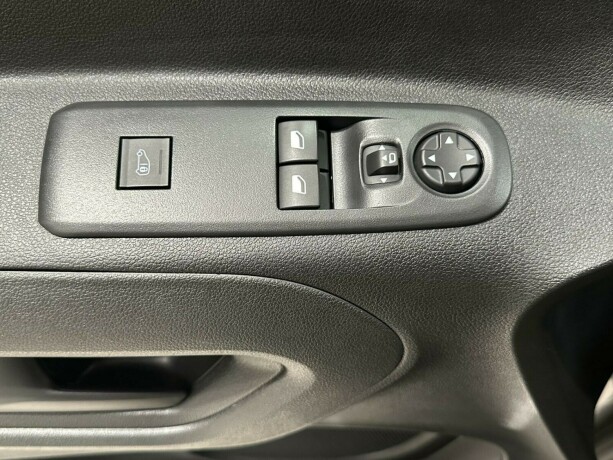 toyota-proace-city-diesel-2022-big-18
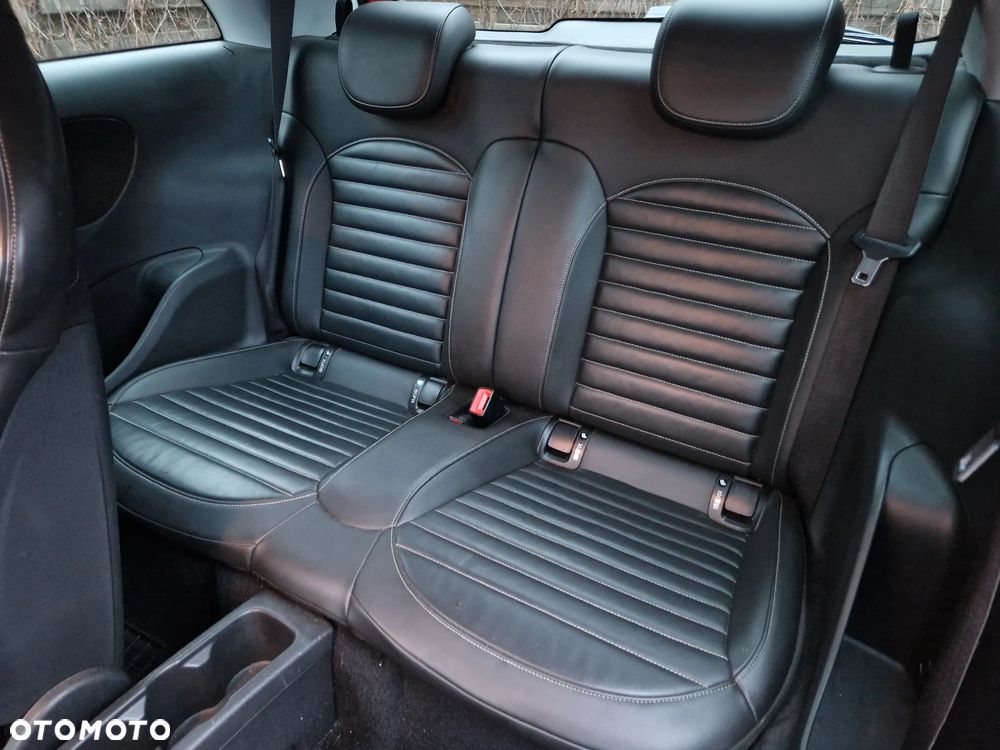 Opel Adam 1.4 Turbo S - 30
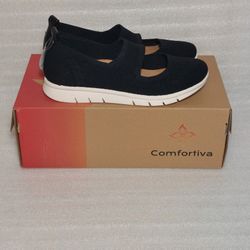 Comfortiva Slip Ons Sneakers Flats Moccasin. Black. New In Box. Size 9 Women's Shoes 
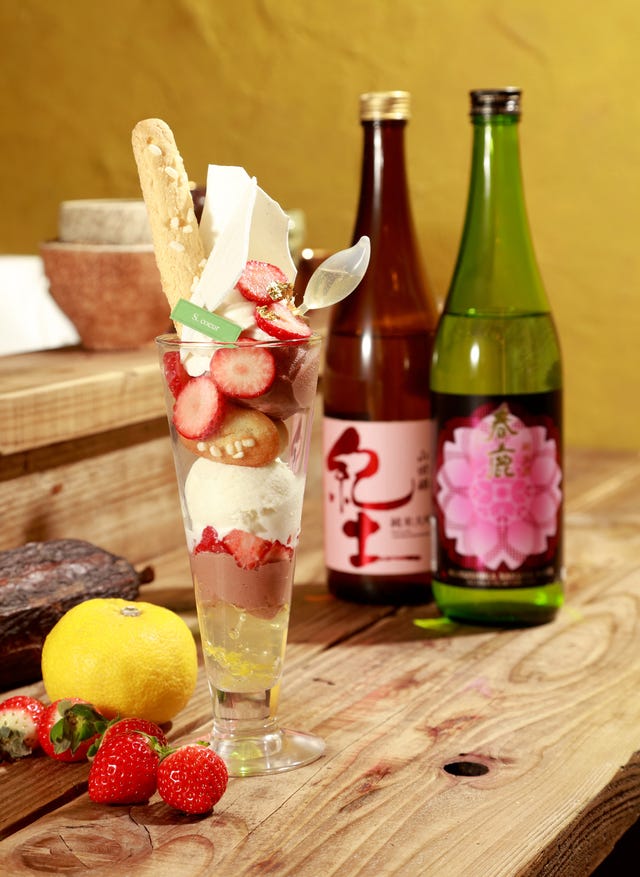 日本酒とチョコレートのLINKパフェ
────────────────────────────────────────
ASSIGNED TASK: What is needed is every line from the one with "Opel Adam 1.4 Turbo S - 30" to the final line of the listing above, set down exactly and with the pictures left out.

TASK RESPONSE:
 Opel Adam 1.4 Turbo S - 30
 Comfortiva Slip Ons Sneakers Flats Moccasin. Black. New In Box. Size 9 Women's Shoes 
 日本酒とチョコレートのLINKパフェ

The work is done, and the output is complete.